Peripheral capillary oxygen saturation (SpO2) measured by pulse oximeter is a simple and reliable objective measurement in routine medical practice that approximates the level of oxygen in arterial blood. Measurements with this inexpensive and non-invasive method also provide heart rate and an indication of tissue perfusion. Low perfusion (due to hypothermia, low cardiac output, profound anemia, etc.), venous pulsations in a dependent limb, excessive ambient light or motion can cause pulse oximetry artifact. Carboxyhemoglobinemia, methemoglobinemia and intravenous dyes can cause false SpO2 readings. There is no information in the current literature about which finger gives the highest or reliable recording of SpO2, hence this study was taken up. Material: This is an observational study conducted among 518 patients with no co morbid conditions at our hospital. FDA approved pulse oximeter was used to estimate the SpO2. After obtaining informed consent, individuals from outpatient department of medicine aged above 18years were included in this. Subjects who were smokers, pregnant, menstruating, having ulnar or radial arterial failure due to Allen test results, hypotension, bradycardia, anemia or hemoglobinopathy, nail polish in the fingers, were excluded from the study. They were monitored after 5 min of resting. All SpO2 measurements were done in the same place and ambient light and the same brand monitor was used in all volunteers. All SpO2 values were recorded in the sitting position and simultaneous blood pressure, heart rate and body temperature were noted. Measurements of each finger were recorded after waiting at least 1 min. Observation: A total of 5180 SpO2 measurements obtained from 518 individuals. The highest average SpO2 value was measured from right middle finger (97.7% ± 1.2) and it was statistically significant. The right little finger had the lowest average SpO2 value Conclusion: Our study showed there is a difference of SpO2 between the fingers and the results were statistically significant. Hence this observation helps to accurately measure SpO2 and decreases redundancy especially in a pandemic where SpO2 value and pulse oximeter is used by large frequently.

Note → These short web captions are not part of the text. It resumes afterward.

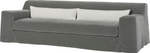 Диван Baker Azzurro Sofa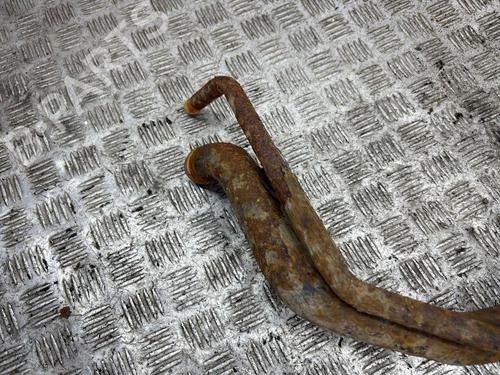 Pipe MERCEDES-BENZ A-CLASS (W169) A 180 CDI (169.007, 169.307) | BP33667942M125 - Image 7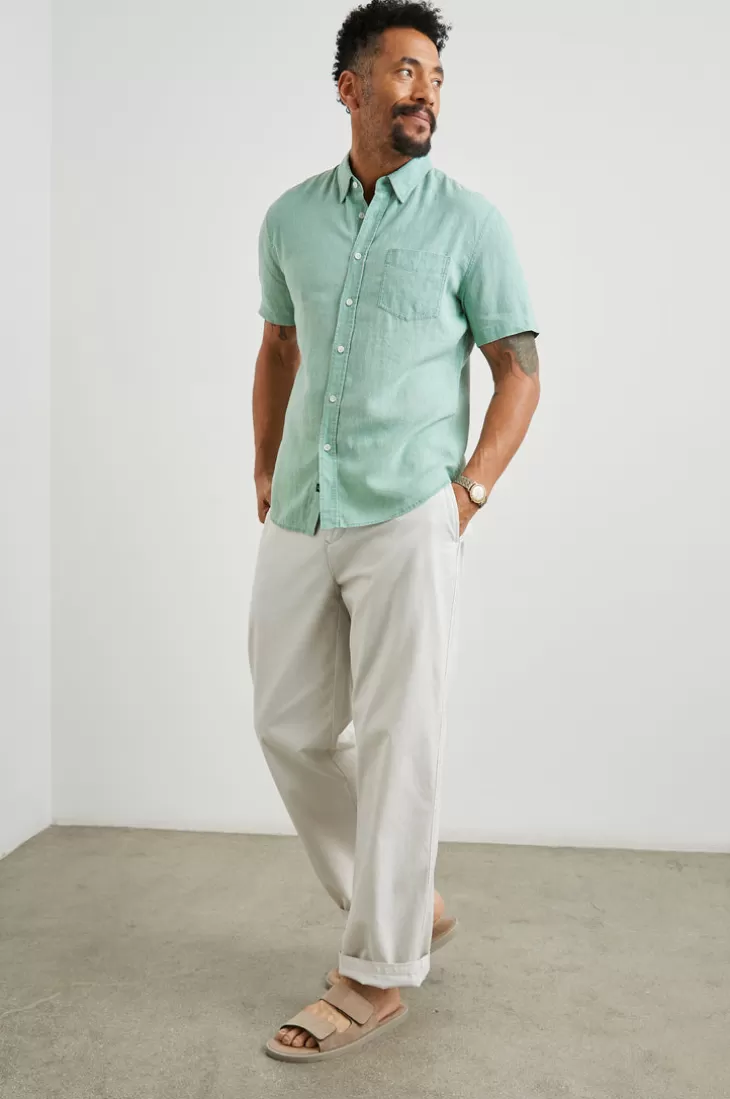 Rails PAROS SHIRT*Men Shirts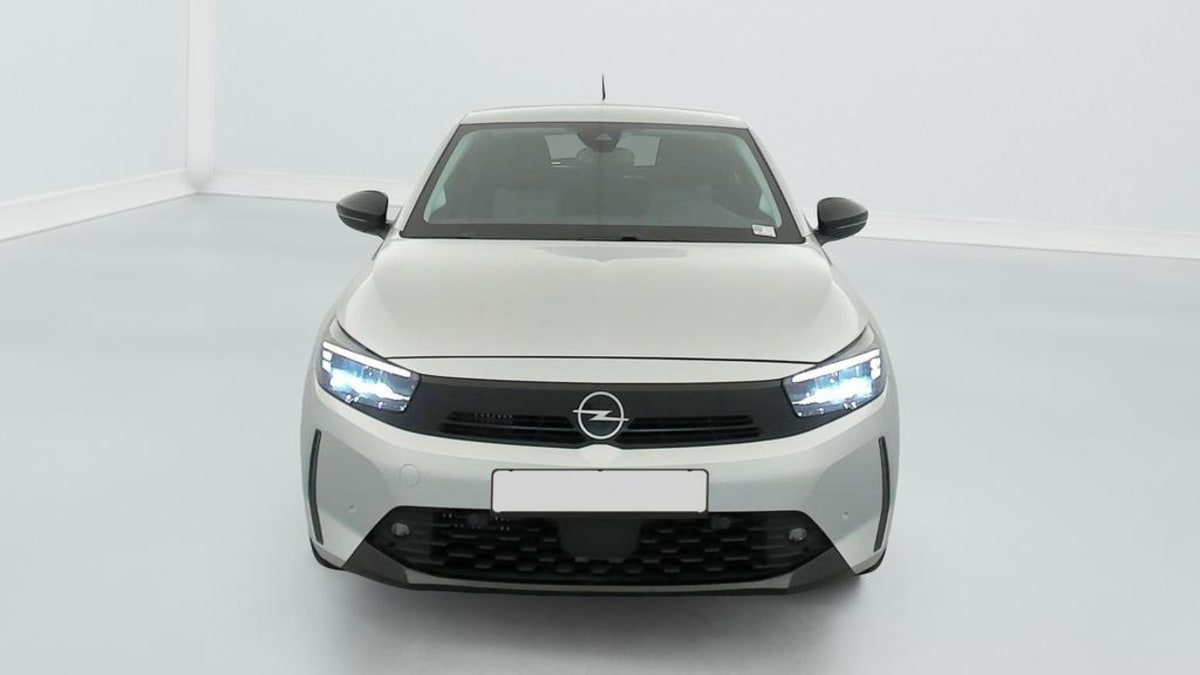 Opel Corsa - Image 2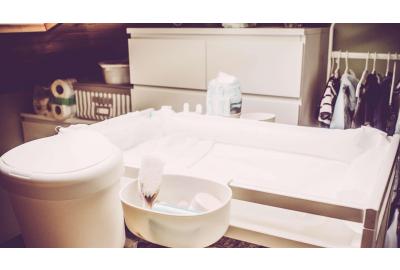 3 Benefits of Baby Changing Table that Parents Should Know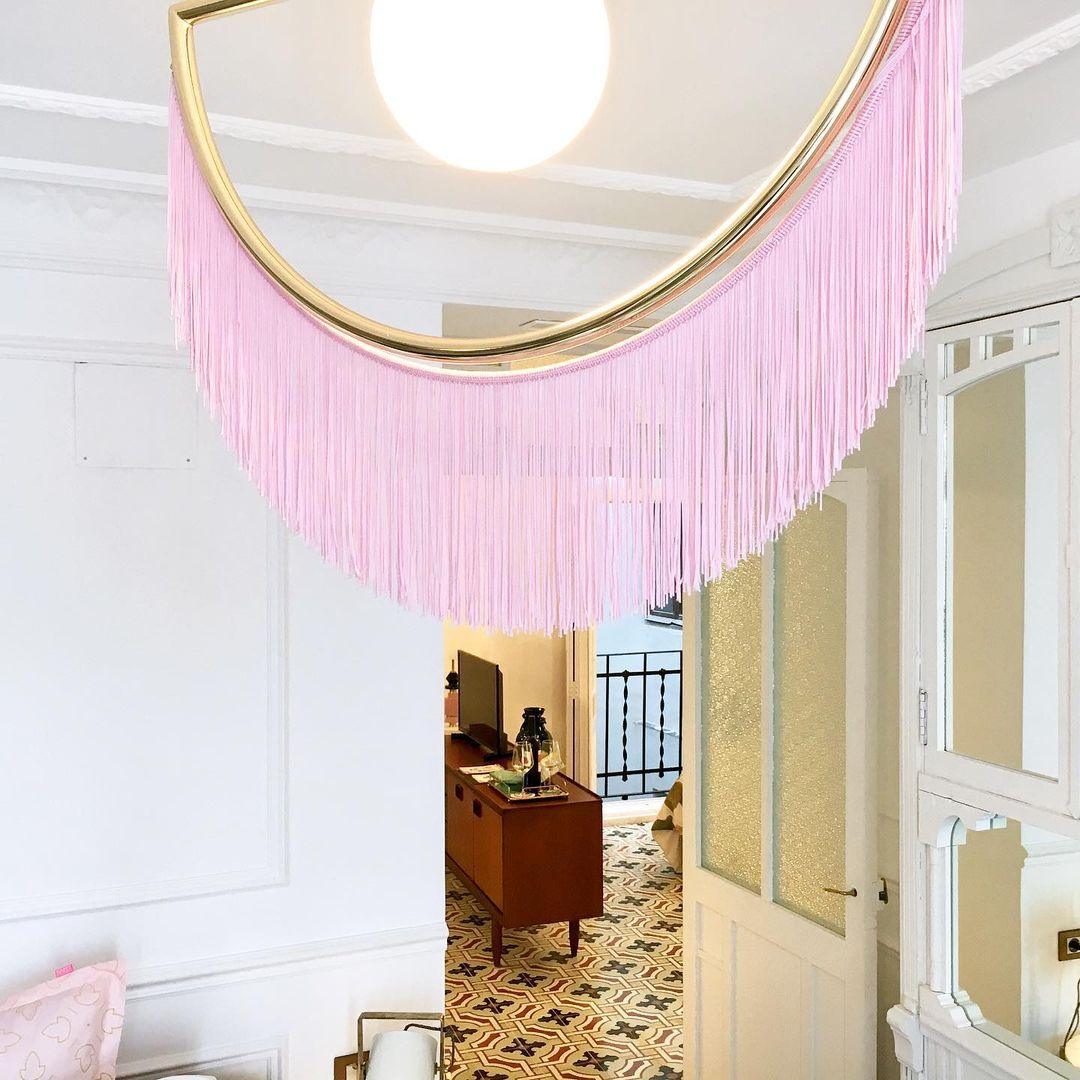 Wink Pendant Lamp - Blowlighting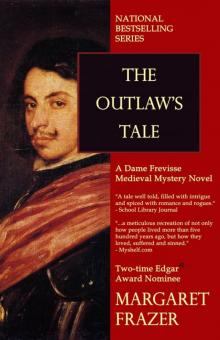 The Outlaw's Tale Read online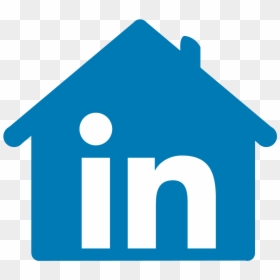 Facebook Icon Twitter Linkedin Clipart , Png Download, Transparent Png - linkedin icons png transparent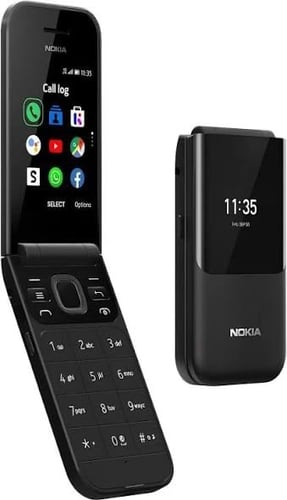 Nokia 2720 flip جوال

外周毛细血管血氧饱和度 (SpO2) 通过脉搏血氧仪测量,是常规医疗实践中简单而可靠的客观测量方法,可近似反映动脉血氧水平。使用这种廉价且非侵入性的方法测量还可提供心率和组织灌注的指示。灌注低(由于体温过低、心输出量低、严重贫血等)、依赖肢体的静脉搏动、环境光或运动过度,可能导致脉搏血氧仪伪影。碳氧血红蛋白血症、高铁血红蛋白血症和静脉染料可导致 SpO2 读数错误。目前文献中没有关于哪个手指可以获得最高或可靠的 SpO2 记录的信息,因此进行了这项研究。
这是在我们医院进行的一项无合并症的 518 例患者的观察性研究。使用美国食品和药物管理局批准的脉搏血氧仪来估计 SpO2。在获得知情同意后,将年龄在 18 岁以上的门诊内科患者纳入研究。因 Allen 试验结果导致尺动脉或桡动脉衰竭、低血压、心动过缓、贫血或血红蛋白病、手指指甲油的吸烟者、孕妇、经期女性被排除在研究之外。他们在休息 5 分钟后进行监测。所有 SpO2 测量均在同一地点和环境光下进行,所有志愿者均使用同一品牌的监测仪。所有 SpO2 值均在坐位下记录,并同时记录血压、心率和体温。至少等待 1 分钟后记录每个手指的测量值。
从 518 名个体中获得了 5180 次 SpO2 测量值。右手中指的平均 SpO2 值最高(97.7%±1.2),且具有统计学意义。右小指的平均 SpO2 值最低。
我们的研究表明手指之间的 SpO2 存在差异,且结果具有统计学意义。因此,这种观察有助于准确测量 SpO2,并减少冗余,特别是在大流行期间,经常需要使用 SpO2 值和脉搏血氧仪。